The Charles Dickens Letters Project

Period: 
1851-1860
Theme(s): 
charity
clubs
Bleak House
Little Dorrit
A Tale of Two Cities

To JOHN PALGRAVE SIMPSON,1 8 OCTOBER 1855

MS Huntington Library

TAVISTOCK HOUSE,

Monday Eighth October 1855

My Dear Sir 

Coming to town this morning for the day,2 I find your two letters together.

For myself, I am bound at once to say that I am far from sanguine of the success of your enterprize,3 and that I am not disposed to join it.

As to Miss Burdett Coutts, I am unable to give you any authorized reply, as that lady is in the South of France.4 But I have a strong impression that an application to her to become a shareholder would be certainly unsuccessful, and that her interest in such a design would altogether depend upon the manner of its realization and execution.

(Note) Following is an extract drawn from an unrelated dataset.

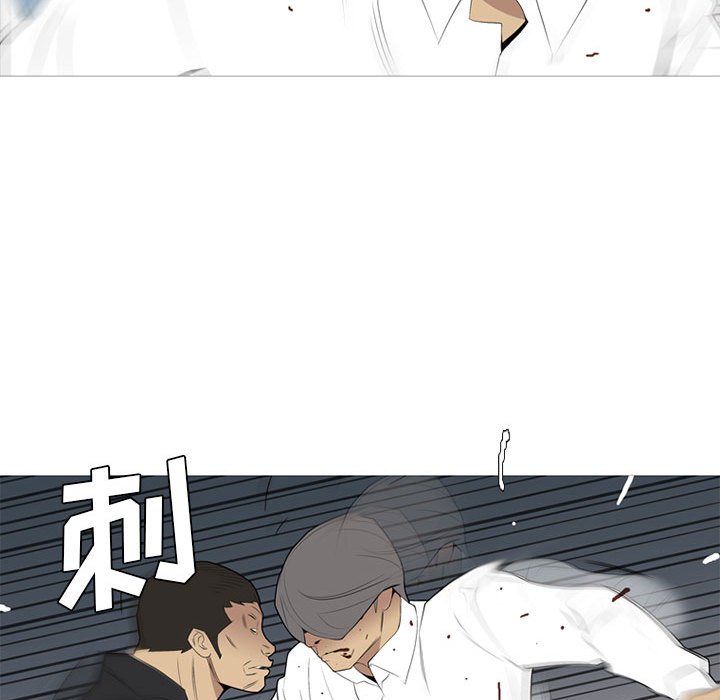 第34話 - 第98张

I hope your experience may rapidly disprove my misgivings, and I beg to assure you that your second note needed no apology.

My dear Sir

Very faithfully Yours

CHARLES DICKENS

J. Palgrave Simpson Esquire. 

  • 1. John Palgrave Simpson (1807-87), playwright and novelist. In Paris during the 1848 Revolution, he settled in London in 1850. Published four novels and had c. 60 plays performed, including adaptations of Bleak House and A Tale of Two Cities. Like CD, a member of both the Garrick Club and the Athenaeum.
  • 2. CD was in Folkestone, ‘hammering away’ at Little Dorrit (see To Macready, 4 Oct).
  • 3. Not traced.
  • 4. Angela Burdett CouttsAngela Georgina Burdett (1814-1906; Dictionary of National Biography), later Baroness Burdett Coutts, youngest child of Sir Francis Burdett and Sophia, daughter of Thomas Coutts, the banker, whom CD assisted in her philanthropic projects. She was travelling with Dr William and Mrs Brown (the latter her former companion, Hannah Meredith), returning from the Pyrenees by way of Montpellier.